A solução encontrada para a questão Monsanto/Vimieiro ensejou o deslocamento da família Félix para o Vale do Paraíba.  Em 21 de novembro de 1628, contando com mais de cinquenta anos de idade, Jaques Félix recebeu do Capitão Mor da Capitania de Itanhaém, João de Moura Fogaça, para ele e para seus filhos Domingos Dias e Belchior, uma data de terras de meia légua de extensão para cada um deles, entre os municípios atuais de Pindamonhangaba e Tremembé, na região do Paraíba, na tapera do gentio.  Visto que em petição haviam manifestado o desejo de ir morar em terras da Condessa de Vimieiro e com isto construir moradia, fazer suas fazendas e benfeitorias, pois já conheciam a mesma por ocasião das expedições sertanistas ali realizadas.
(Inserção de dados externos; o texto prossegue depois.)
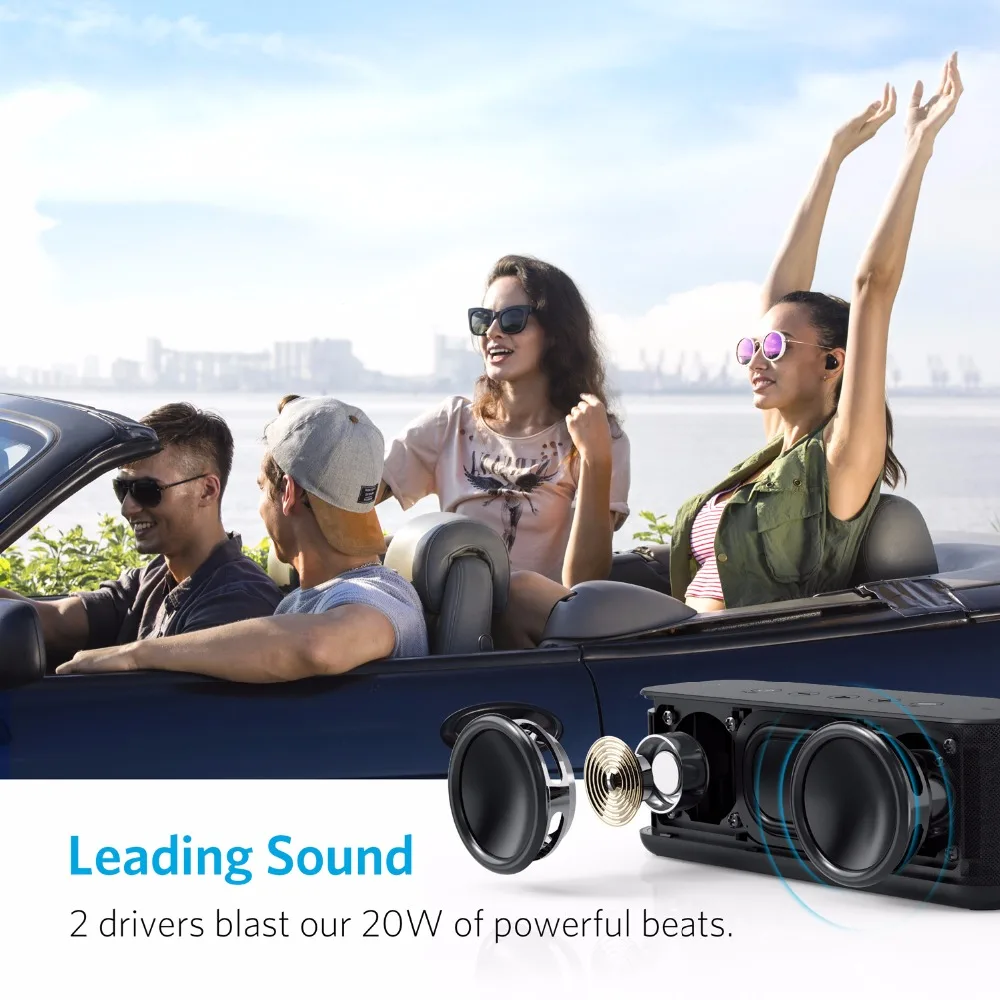 Soundcore Boost Bluetooth Speaker, Portable Speaker with Well-Balanced Sound, BassUp, 12H Playtime, USB-C, IPX7 Waterproof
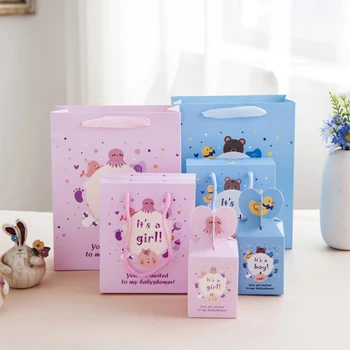 

25pcs Cute Paper Gift Bags blue Pink Candy Bag for Gender Reveal Party Baby Shower Birthday Candy Box Birthday Party Supplies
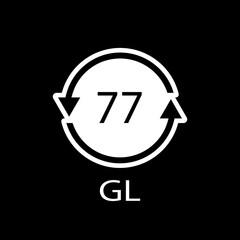 Copper Coated Glass. Glass recycling code 77 GL. Vector illustration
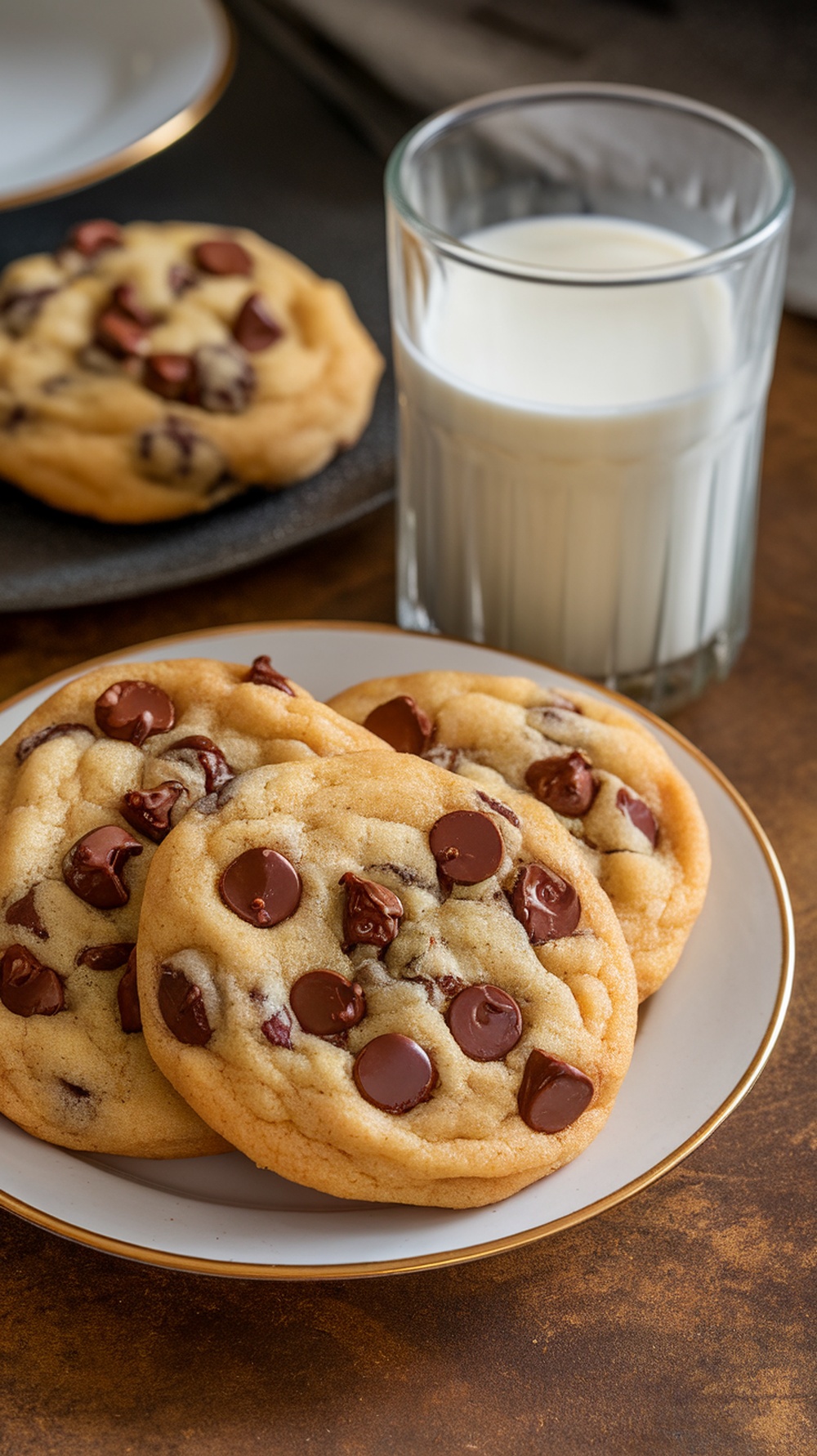 Plate of chocolate chip cookies with a glass of milk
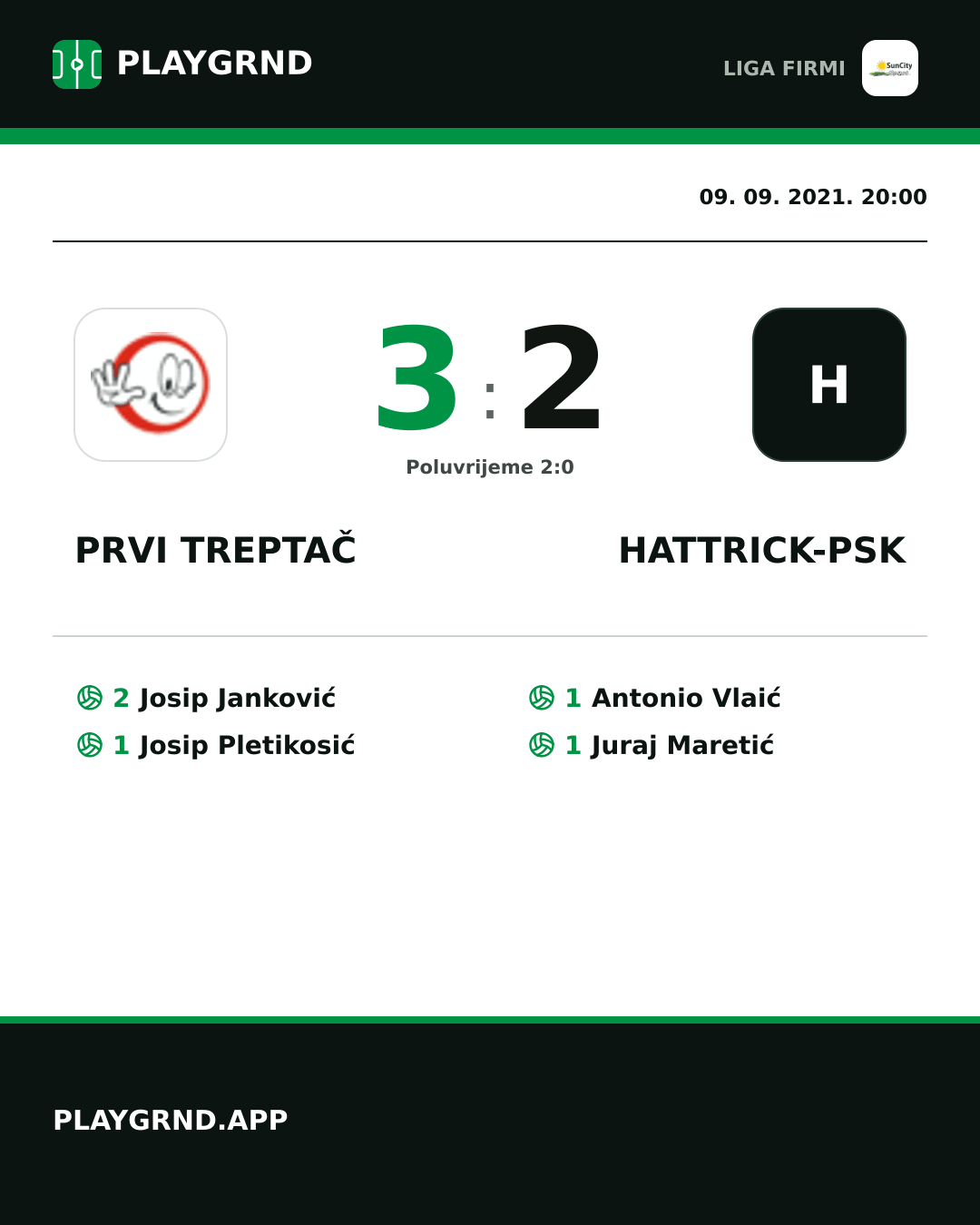 Instagram slika: Prvi Treptač 3:2 Hattrick-Psk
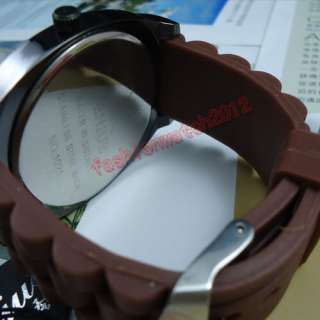   Mens Ladies Coffee Quartz Slicone Band Quart movement Wrist Watch Z24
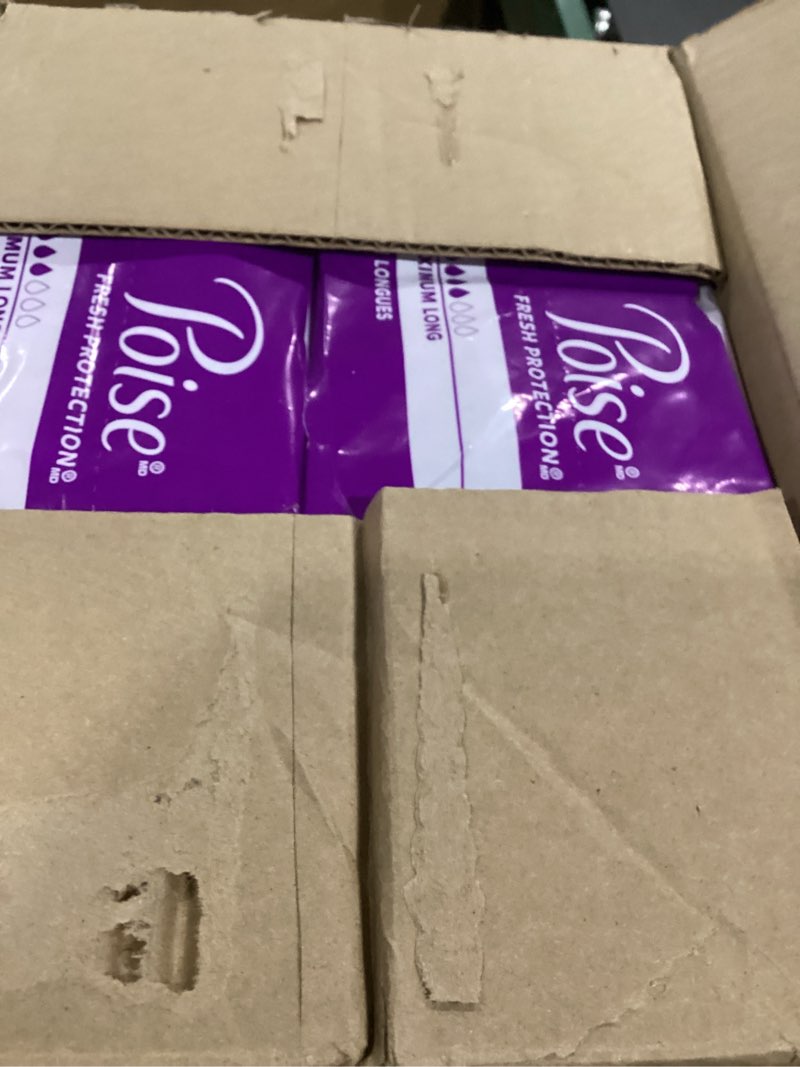 Condition photo showing As Is for Poise Incontinence & Postpartum Pads for Bladder Leaks, 5 Drop Maximum Absorbency, Long Length, 84 Count, Packaging May Vary Long 84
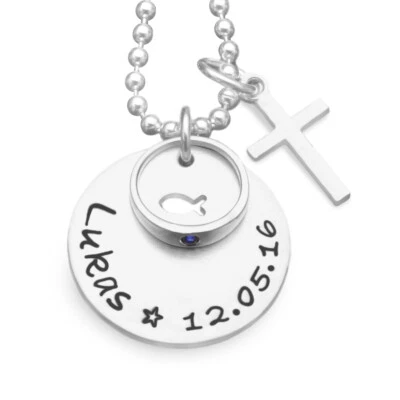 SAMAVAYA Taufgeschenk Jungen Gravur GESEGNET FISCH 925 Silber Namenskette Taufring Kreuz
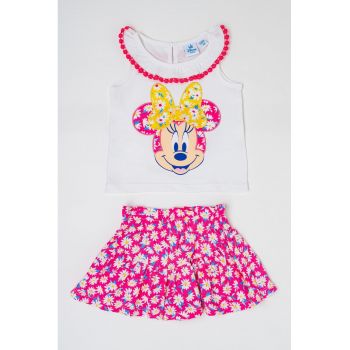 Set de bluza fara maneci cu imprimeu si fusta evazata - 2 piese
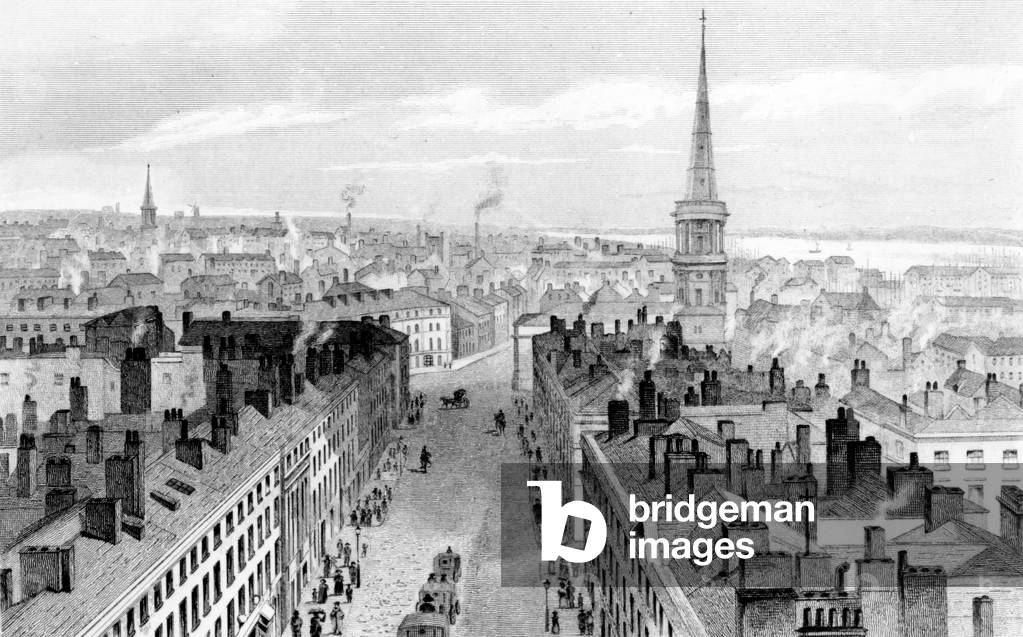 Liverpool from the Town Hall, looking south, engraved by John Rogers, c.1830 (engraving)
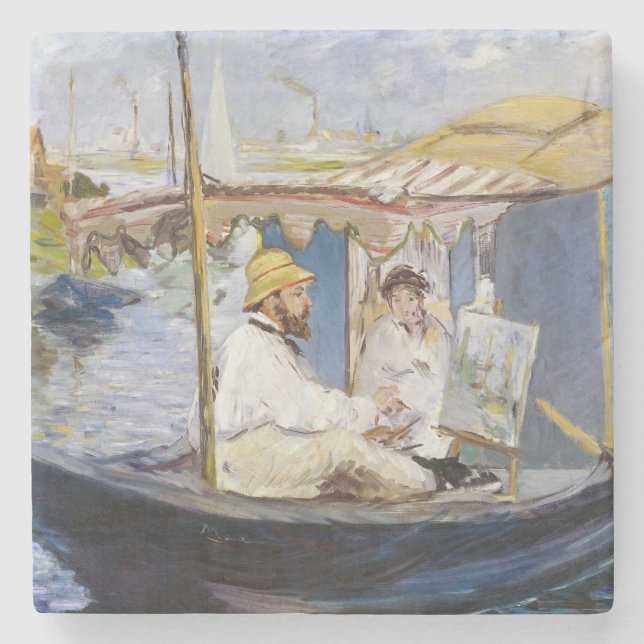 Edouard Manet - Monet in seinem Studio-Boot Steinuntersetzer (Vorderseite)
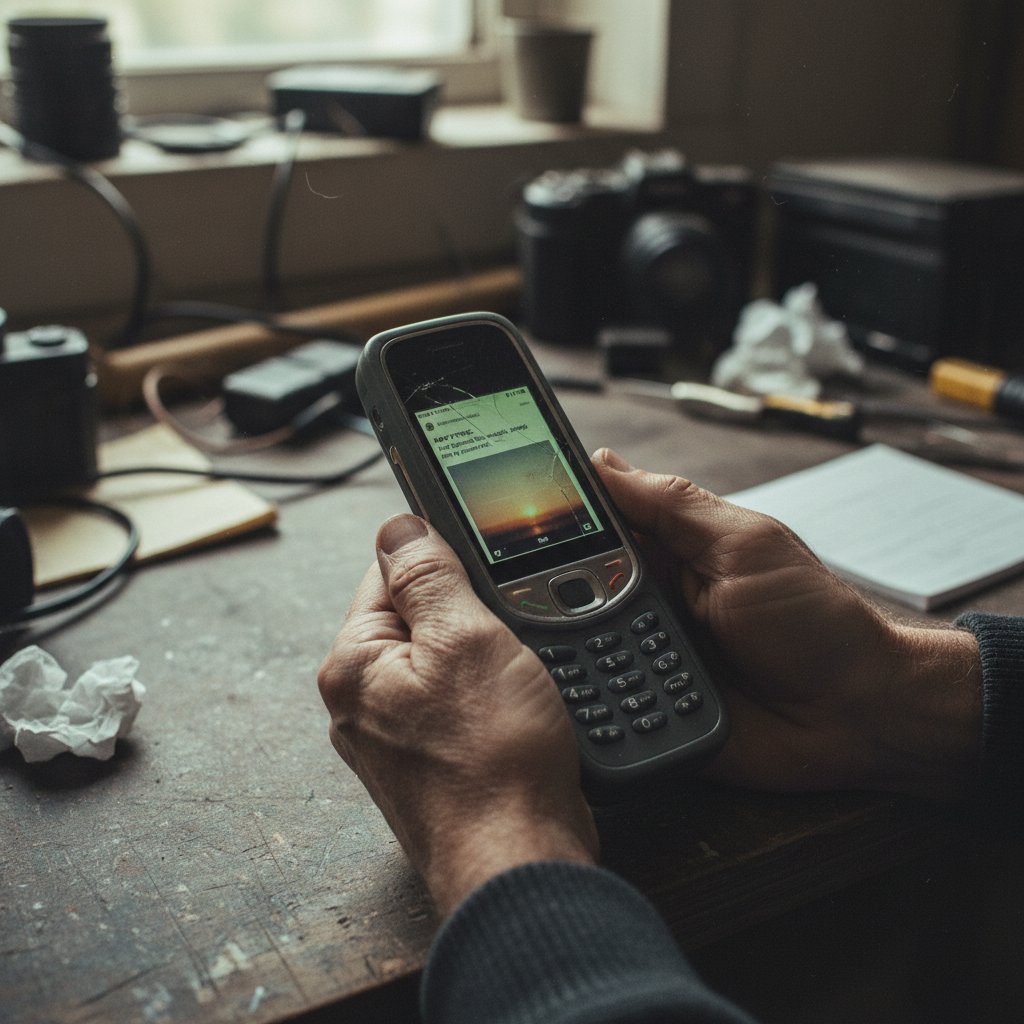 Autentyczny post tworzony na starym telefonie, zbliżenie na dłonie i pęknięty ekran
É interessante observar os cuidados manifestados pelas autoridades concedentes das terras referindo-se a ela em documento original serem elas “terras devolutas e desaproveitadas”, contendo recursos necessários capazes de garantir a fixação e sobrevivência do homem na terra como: “todas as águas e matas”, além das facilidades para as suas “entradas e saídas”.  A doação, para ampliar os incentivos aos colonizadores, era entregue a eles e seus herdeiros, livres de todo os tributos e pensão.  O único tributo a ser pago seria o do dízimo, “a Deus Nosso Senhor”.  O registro da doação foi feito no livro do Tombo, na Vila de Angra dos Reis, também pertencente a capitania de Itanhaém,  na mesma data, em 22 de novembro de 1628.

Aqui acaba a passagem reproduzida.